*REQUIRED WORK*: Print the listing exactly as it stands. Skip every picture.

*SOURCE MATERIAL*:
--- START ---
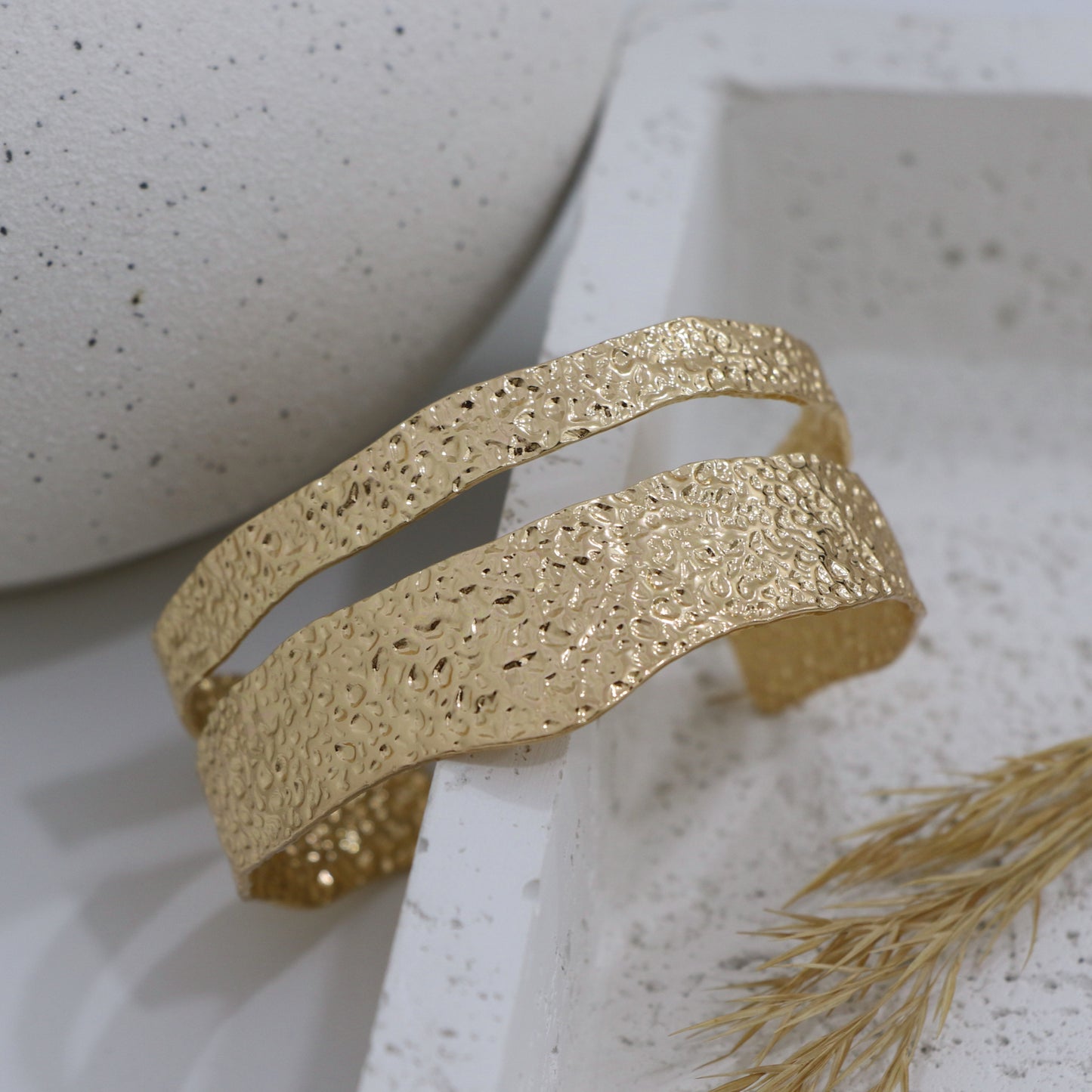 Double Wave Bracelet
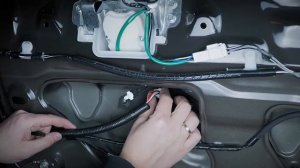 Установка омывателя камеры заднего вида Toyota Land Cruiser Prado 150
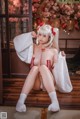 蜜汁猫裘 Cosplay 可畏巫女 P20 No.623cb3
--- END ---
*ANSWER*:
 Double Wave Bracelet
 Установка омывателя камеры заднего вида Toyota Land Cruiser Prado 150
 蜜汁猫裘 Cosplay 可畏巫女 P20 No.623cb3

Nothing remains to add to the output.